- What the exercise asks
Copy the complete listing word for word, but do not carry over any images.

- Supplied information
___

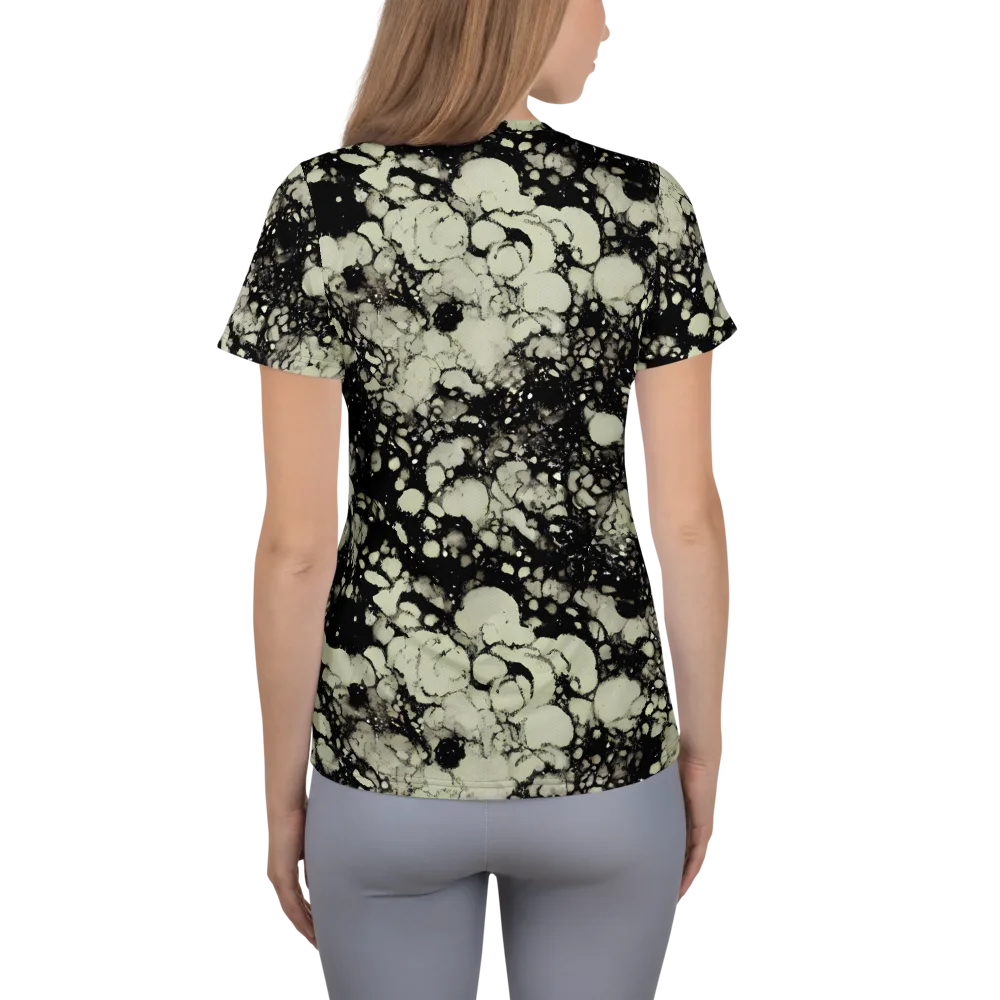 Inkstone Bloom on Women's Athletic T-Shirt — Back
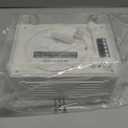 Portable CD Player with Bluetooth for Home CD Player with Built-In Speakers, Compact Desktop Design, USB, AUX, Headphone Jack, Vintage CD Player for Music Lovers (White Wood)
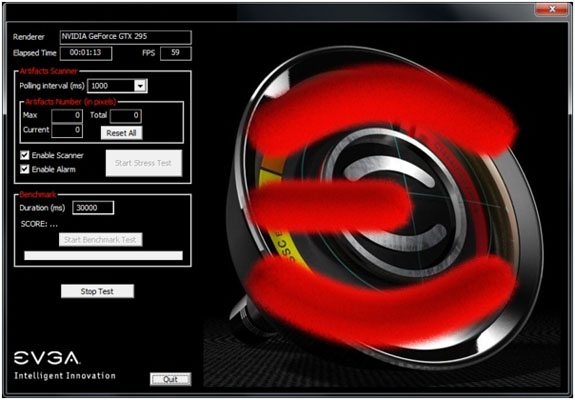 EVGA GPU test soft 01 - EVGA a lavoro su un benchmarking tool per schede video?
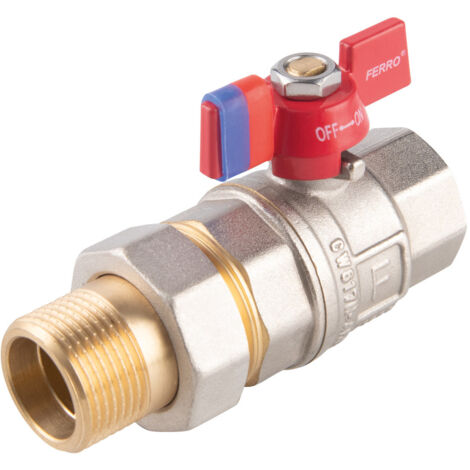 ZencQ Vanne à Boisseau Sphérique Papillon 1 Pouces MF, Robinet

___

- Output for this task
 Inkstone Bloom on Women's Athletic T-Shirt — Back
 Portable CD Player with Bluetooth for Home CD Player with Built-In Speakers, Compact Desktop Design, USB, AUX, Headphone Jack, Vintage CD Player for Music Lovers (White Wood)
 EVGA GPU test soft 01 - EVGA a lavoro su un benchmarking tool per schede video?
 ZencQ Vanne à Boisseau Sphérique Papillon 1 Pouces MF, Robinet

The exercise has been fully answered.